Leah Remini appeared on The Today Show recently to promote her new A&E documentary, Leah Remini: Scientology and the Aftermath. Here's what she had to say, as reprinted by E! News:
"I was watching what was happening to former members and former high-ranking clergy of the Church, and I was watching what it was doing in response, and I felt I had a responsibility to help out where I could. I'm not a big fan of bullies, so it is part of who I am. I was a fighter in the Church. This is what they taught me, so I'm going to continue my fight, but I'm on the right side of that fight now. I just want to send the message that I'm not going to sit back and allow it to go on."

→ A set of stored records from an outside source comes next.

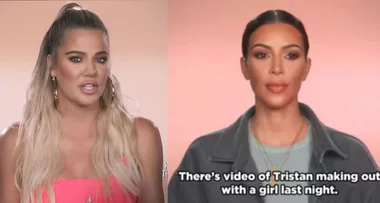 Khloe Kardashian had to relive Tristan Thompson cheating on Keeping Up With The Kardashian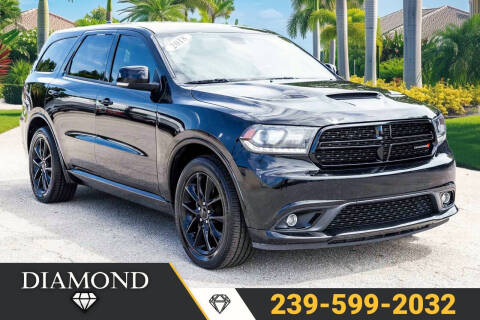 2018 Dodge Durango for sale at Diamond Cut Autos in Fort Myers FL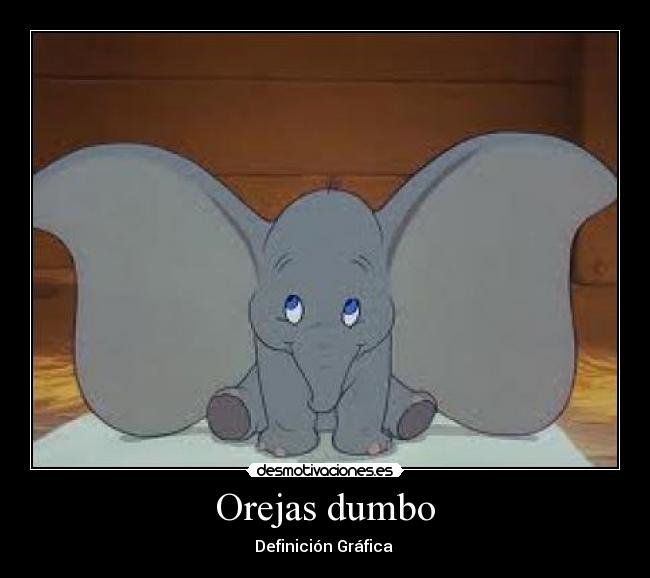 Orejas dumbo - 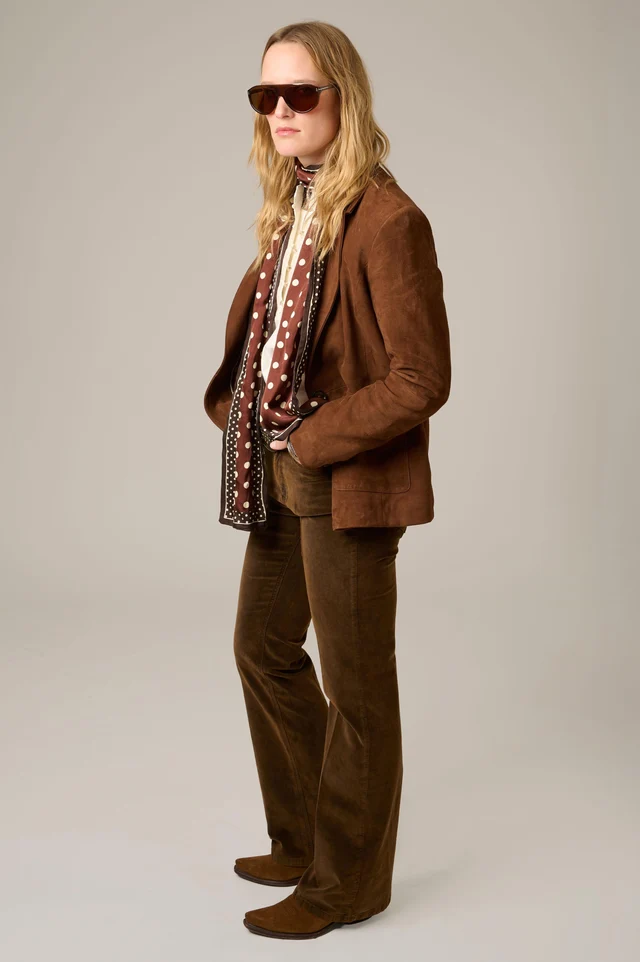 Pantalon Harley suede - MKT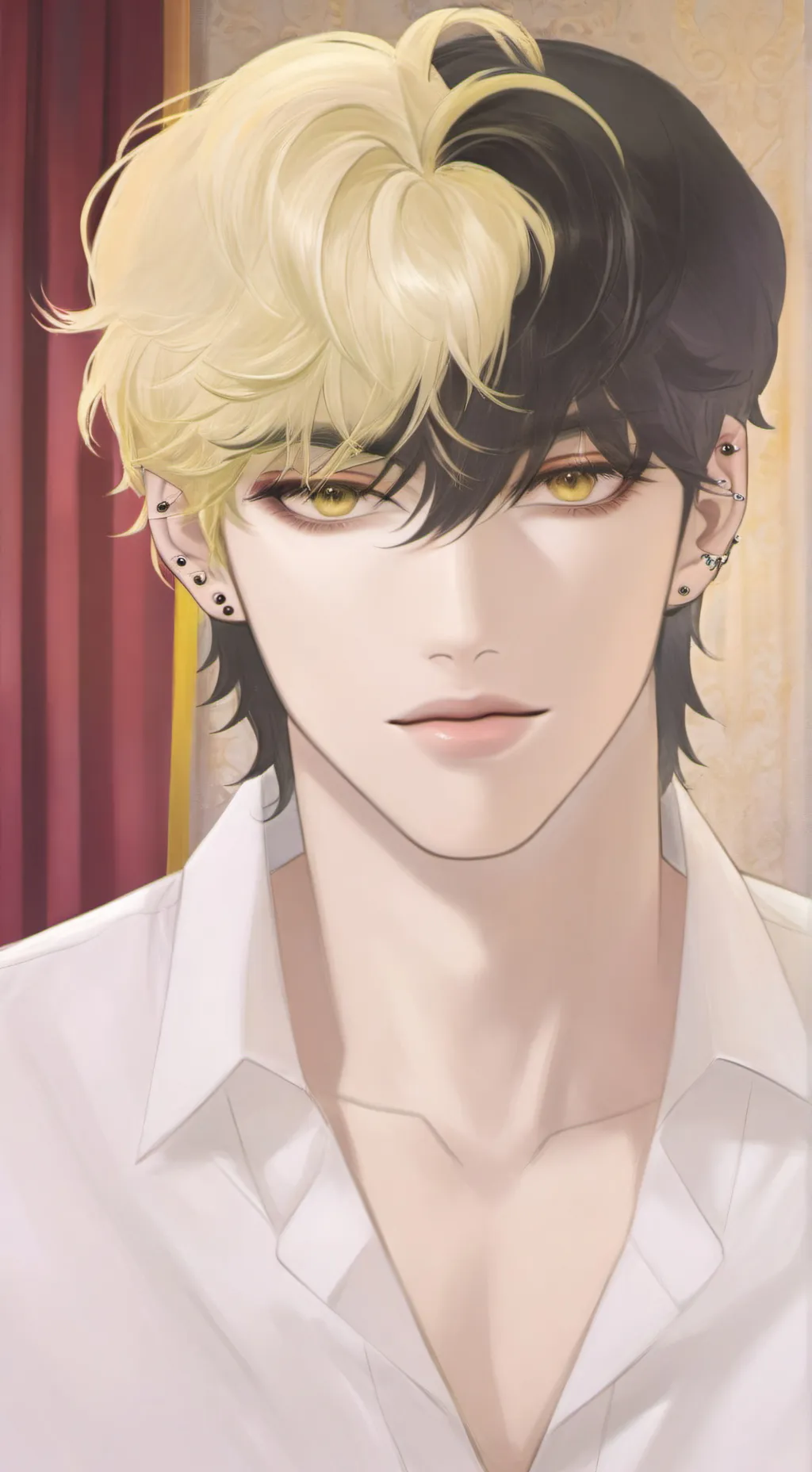 ai character: Frans background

On her decision to do the documentary:
"It's for the victims. It's for the people who have spoken out, but it's also for people who just maybe don't have the strength to fight, feel they don't have a voice...I just want to give people strength and not just with this organization but with any bully. I just hope that that's what the message is."
On leaving Scientology:
"Well, it's difficult to leave. But again, I am on TV because I was an actress and I have a lot of support. So for me, it pales in comparison to what former high-ranking executives had to deal with and what parishioners had to deal with, just average, everyday Scientologists who dedicated their lives, money and families to this. Now they're suffering for speaking out...If you speak out, you're labeled an enemy to the Church and the Church has policies on how to deal with its enemies, and they go after them. It's in their own policies. So they don't know any different, as I did when I was if the Church. So I understand this. I have compassion for it. Because you do become a person who's very hateful and you're very judgmental towards anyone who isn't a Scientologist. And a critic of Scientology is dealt with in a very specific way. And that is unlike a real church."
Leah Remini: Scientology and the Aftermath premieres tonight on A&E at 10/9 central.